§ Task prompt:
In these entries, tally the lines where "style" occurs. Respond with only the count.

§ Data provided:
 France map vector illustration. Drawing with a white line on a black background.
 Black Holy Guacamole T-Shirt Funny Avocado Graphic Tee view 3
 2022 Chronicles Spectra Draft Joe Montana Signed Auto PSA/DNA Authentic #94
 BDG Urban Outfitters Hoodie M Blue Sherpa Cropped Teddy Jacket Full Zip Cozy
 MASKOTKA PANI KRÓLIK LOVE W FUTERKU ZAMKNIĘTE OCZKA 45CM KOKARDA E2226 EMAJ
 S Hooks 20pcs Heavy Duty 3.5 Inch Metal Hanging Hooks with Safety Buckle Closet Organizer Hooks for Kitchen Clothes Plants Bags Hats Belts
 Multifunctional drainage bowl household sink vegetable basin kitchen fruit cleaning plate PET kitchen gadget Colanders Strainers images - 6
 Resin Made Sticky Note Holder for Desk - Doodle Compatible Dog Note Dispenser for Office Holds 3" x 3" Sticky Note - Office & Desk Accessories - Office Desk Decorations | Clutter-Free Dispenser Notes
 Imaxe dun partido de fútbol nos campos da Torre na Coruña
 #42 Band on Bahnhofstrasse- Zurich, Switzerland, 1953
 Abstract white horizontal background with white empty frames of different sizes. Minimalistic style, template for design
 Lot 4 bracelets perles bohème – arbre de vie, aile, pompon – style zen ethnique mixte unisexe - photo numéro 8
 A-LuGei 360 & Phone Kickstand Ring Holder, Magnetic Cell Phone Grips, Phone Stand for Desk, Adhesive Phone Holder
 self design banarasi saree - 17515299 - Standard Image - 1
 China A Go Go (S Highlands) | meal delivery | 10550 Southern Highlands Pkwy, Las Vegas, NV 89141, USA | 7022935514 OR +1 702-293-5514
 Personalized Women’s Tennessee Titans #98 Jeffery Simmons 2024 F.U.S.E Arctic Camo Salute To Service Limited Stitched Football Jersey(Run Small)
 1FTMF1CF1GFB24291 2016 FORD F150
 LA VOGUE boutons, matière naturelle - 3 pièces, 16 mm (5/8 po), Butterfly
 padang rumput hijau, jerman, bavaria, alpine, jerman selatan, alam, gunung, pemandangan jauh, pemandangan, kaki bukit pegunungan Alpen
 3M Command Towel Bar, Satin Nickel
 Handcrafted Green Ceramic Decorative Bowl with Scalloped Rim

§ Output:
2